◆ Supplied information:
——————————

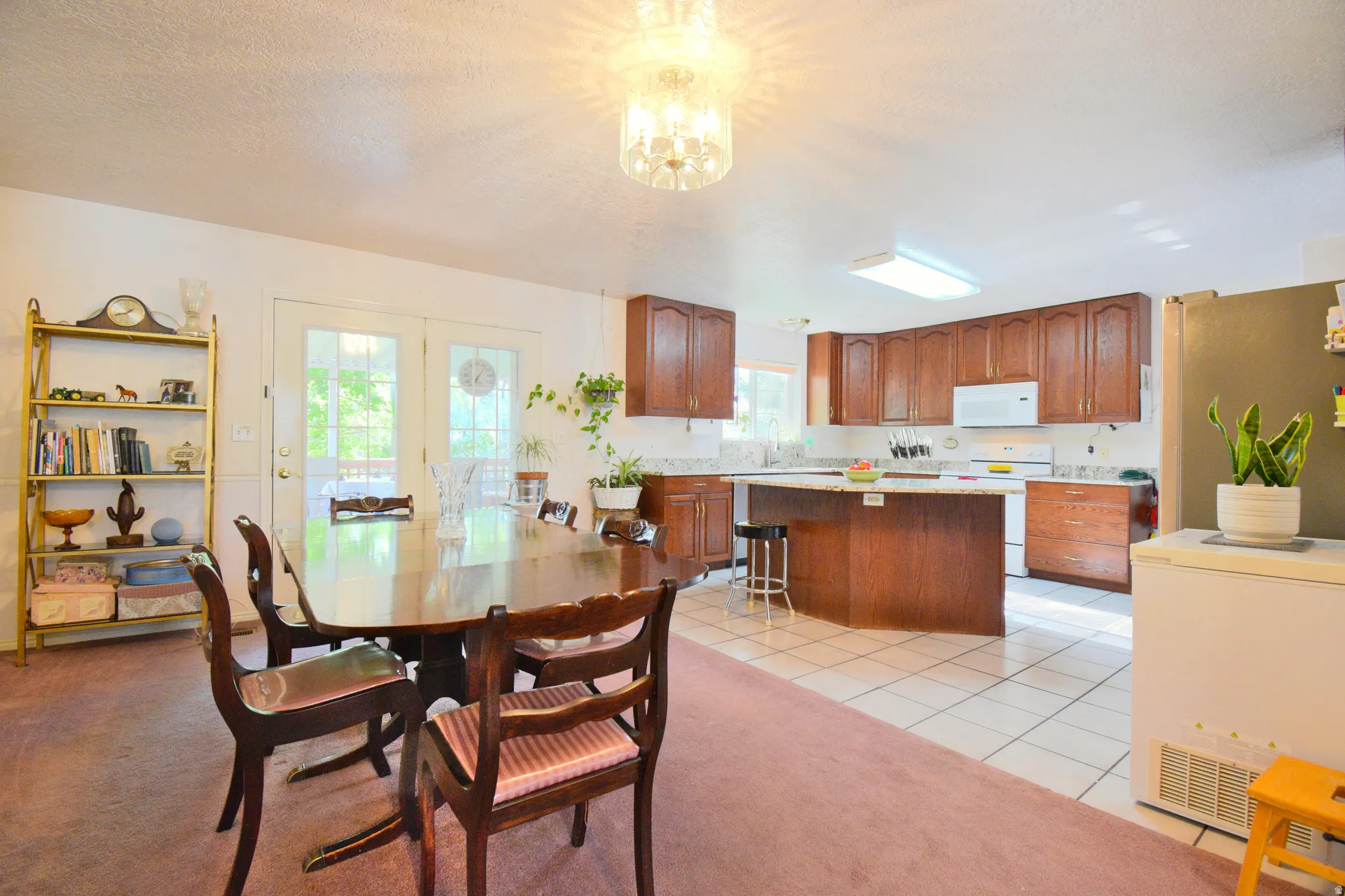 Open-concept kitchen and dining area featuring wood cabinetry, white appliances, and light-toned countertops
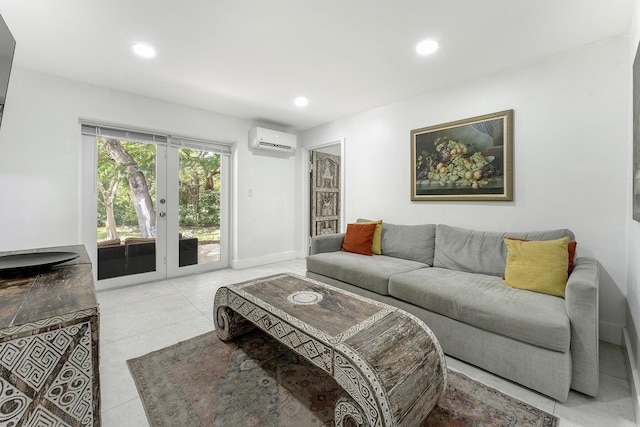 tiled living room featuring an AC wall unit and french doors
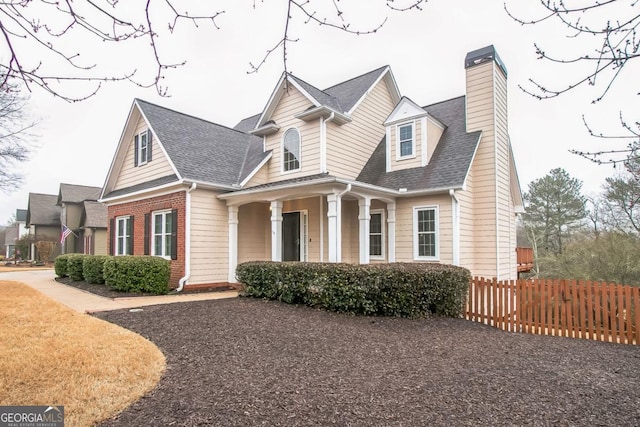 1008 Walnut Creek Dr, Woodstock, GA 30188 - cape cod-style house featuring a shingled roof, fence, and a chimney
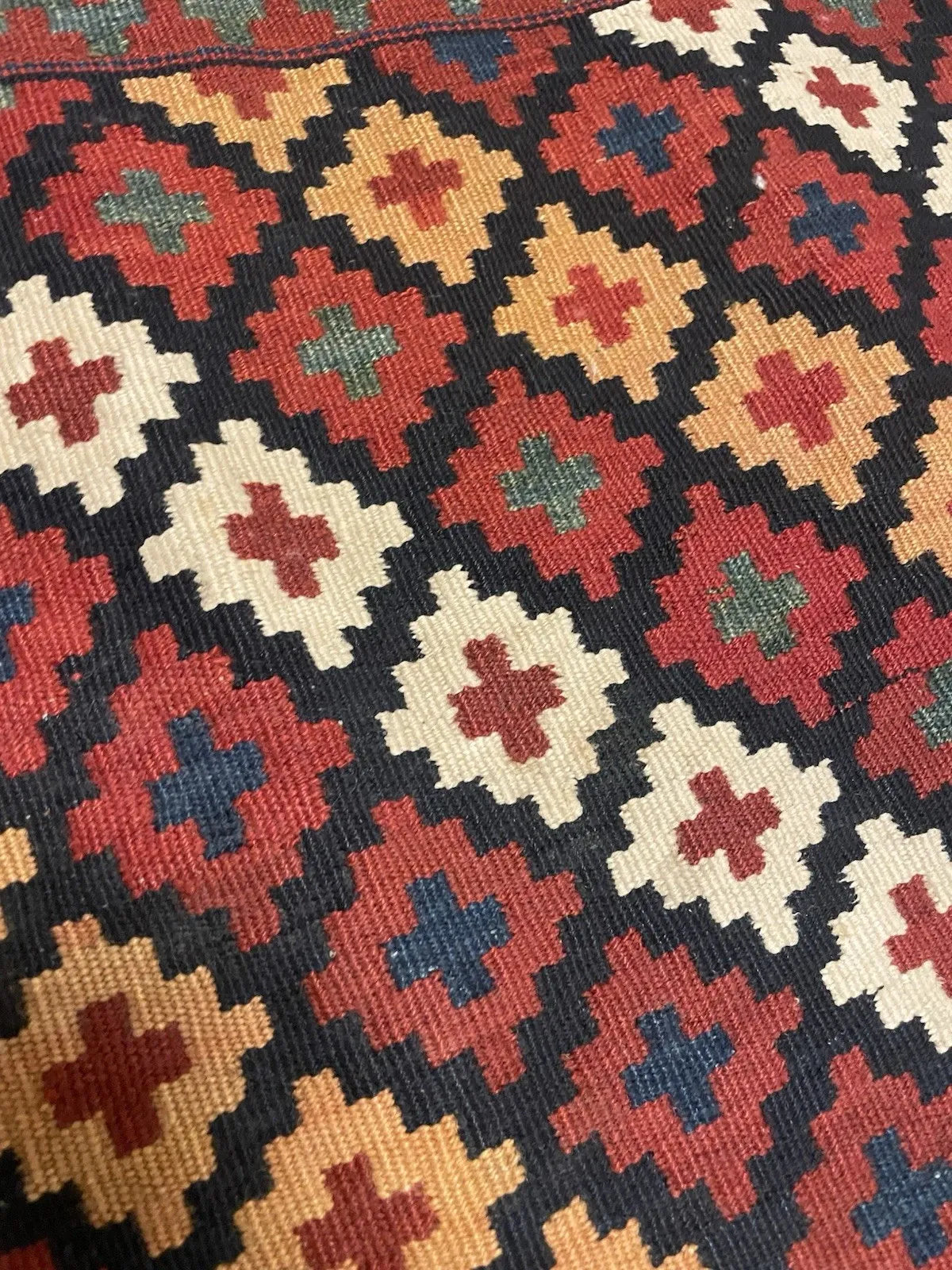 Antique wool flatweave from the Zagros Mountains region, tightly spun and lustrous from high-altitude flocks, with natural dyes (madder, indigo, weld/pomegranate) aged to warm depth.

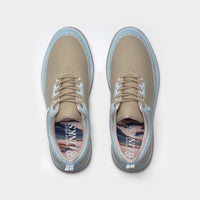 Pair of beige shoes with blue soles on a white background sells at Paradise Golf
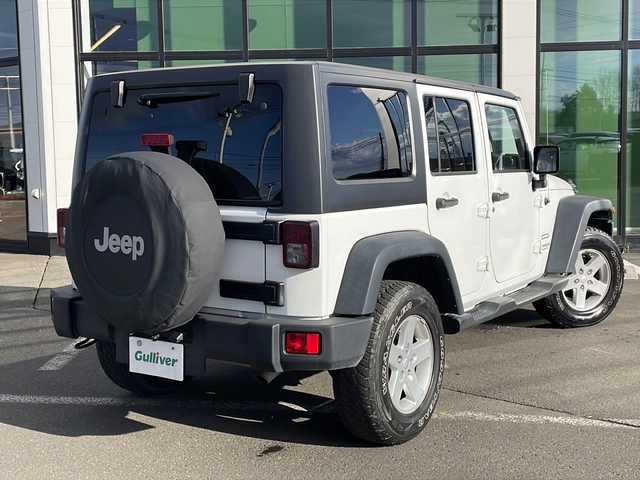 クライスラー・ジープ ジープ ラングラー アンリミテッド スポーツ 道東・釧路十勝 2015(平27)年 5.9万km ブライトホワイト ・4WD/・社外7インチナビ(BT/FM/AM/CD/DVD/HDMI/AUX)/・フルセグTV/・テレビキッド/・リモコンキー/・ETC/・前後ドラレコ/・純正フロアマット/・バックカメラ/・純正17インチアルミホイール/・LEDヘッドライト/・ヘッドライトレベライザー/・横滑り防止/・ヒルスタートアシスト/・ミラーヒーター/・スタッドレス積み込み265/70/R17　残5ミリ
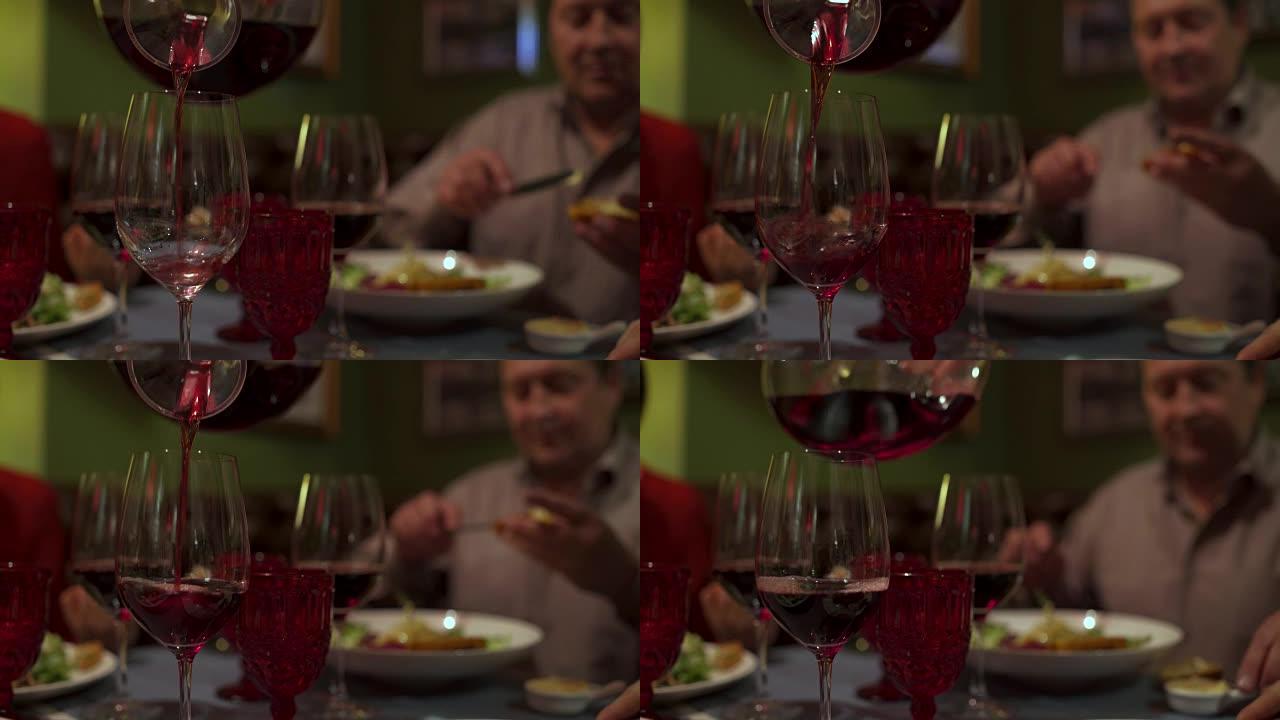 服务员把酒水倒入酒杯中。人们坐在餐桌旁吃饭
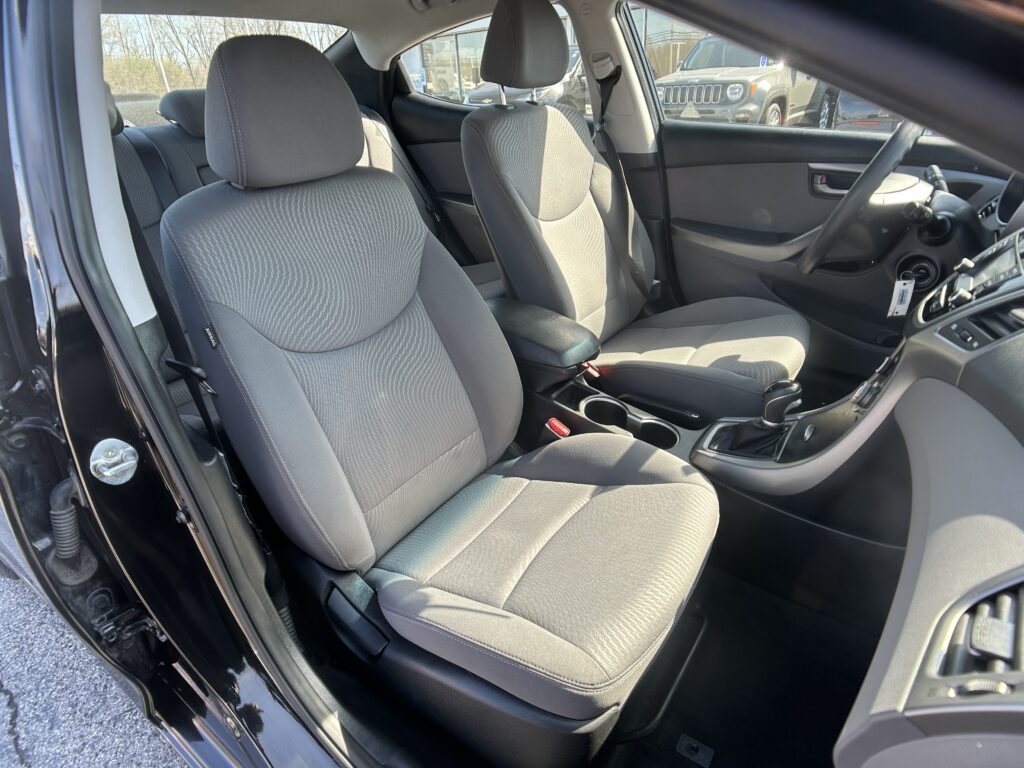 Front interior of a car with gray fabric seats, center console, and steering wheel visible.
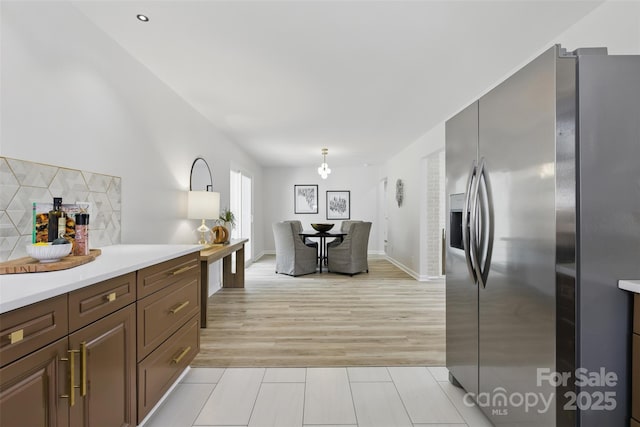 kitchen featuring stainless steel fridge with ice dispenser, light countertops, backsplash, and light tile patterned floors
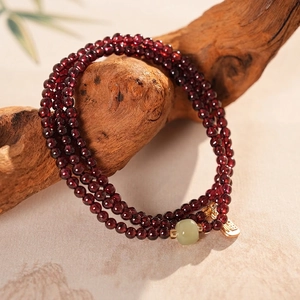 Vintage red garnet beaded triple-layer bracelet with jade and gold blessing charm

——————————

◆ What the task requires:
What lines above run from the one with "Antique wool flatweave" to the one with "kitchen featuring stainless"? Give them again exactly, ends included, and leave the pictures out.

◆ Solution to the problem:
 Antique wool flatweave from the Zagros Mountains region, tightly spun and lustrous from high-altitude flocks, with natural dyes (madder, indigo, weld/pomegranate) aged to warm depth.

 Pair of beige shoes with blue soles on a white background sells at Paradise Golf
 クライスラー・ジープ ジープ ラングラー アンリミテッド スポーツ 道東・釧路十勝 2015(平27)年 5.9万km ブライトホワイト ・4WD/・社外7インチナビ(BT/FM/AM/CD/DVD/HDMI/AUX)/・フルセグTV/・テレビキッド/・リモコンキー/・ETC/・前後ドラレコ/・純正フロアマット/・バックカメラ/・純正17インチアルミホイール/・LEDヘッドライト/・ヘッドライトレベライザー/・横滑り防止/・ヒルスタートアシスト/・ミラーヒーター/・スタッドレス積み込み265/70/R17　残5ミリ
 服务员把酒水倒入酒杯中。人们坐在餐桌旁吃饭
 Front interior of a car with gray fabric seats, center console, and steering wheel visible.
 kitchen featuring stainless steel fridge with ice dispenser, light countertops, backsplash, and light tile patterned floors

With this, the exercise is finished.